The entries that follow need to be reproduced exactly, minus any images.

(Captioned web image data)
——————

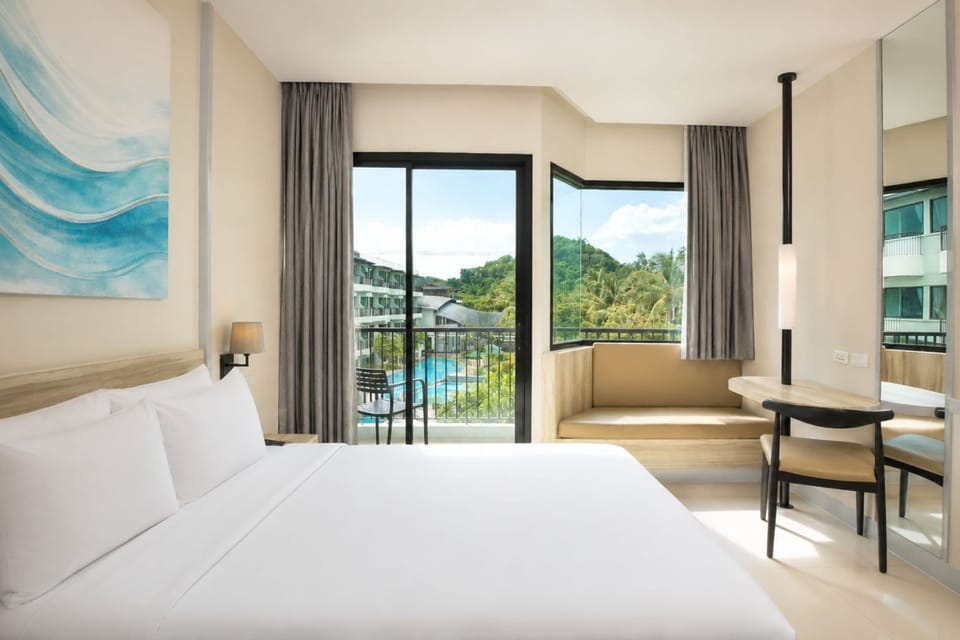 Superior Double or Twin Room, Pool View | In-room safe, desk, laptop workspace, blackout drapes
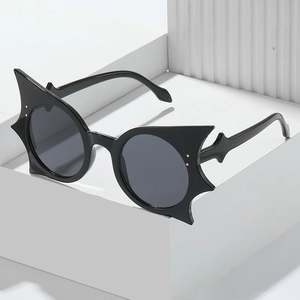 Unique bat wing style sunglasses with black pointed frames and dark round lenses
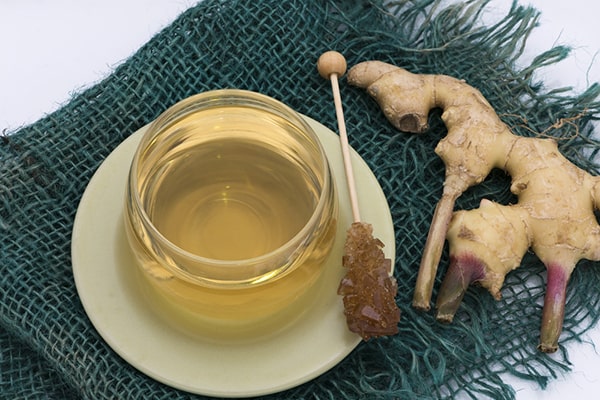 A woman with a bottle of ginger oil and a bowl of green tea - Uncover the synergistic Ginger Oil Benefits for Skin, Hair, and Aromatherapy in this enlightening post by MDBiowellness- Plant Medicine. Developed by Doctors.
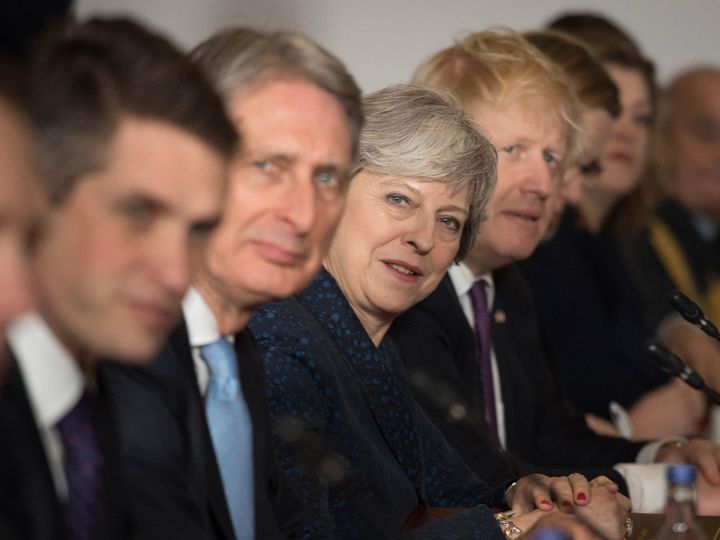 Philip Hammond alongside Theresa May and former Cabinet colleague Boris Johnson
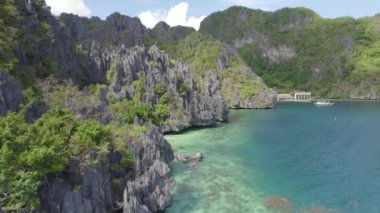 Kayalık kıyı şeridi ve yüzen tekneleri olan güzel mavi okyanuslar. Palawan, Filipinler 'de İnanılmaz Büyük Göl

——————

OUTPUT FOR THIS TASK:
 Superior Double or Twin Room, Pool View | In-room safe, desk, laptop workspace, blackout drapes
 Unique bat wing style sunglasses with black pointed frames and dark round lenses
 A woman with a bottle of ginger oil and a bowl of green tea - Uncover the synergistic Ginger Oil Benefits for Skin, Hair, and Aromatherapy in this enlightening post by MDBiowellness- Plant Medicine. Developed by Doctors.
 Philip Hammond alongside Theresa May and former Cabinet colleague Boris Johnson
 Kayalık kıyı şeridi ve yüzen tekneleri olan güzel mavi okyanuslar. Palawan, Filipinler 'de İnanılmaz Büyük Göl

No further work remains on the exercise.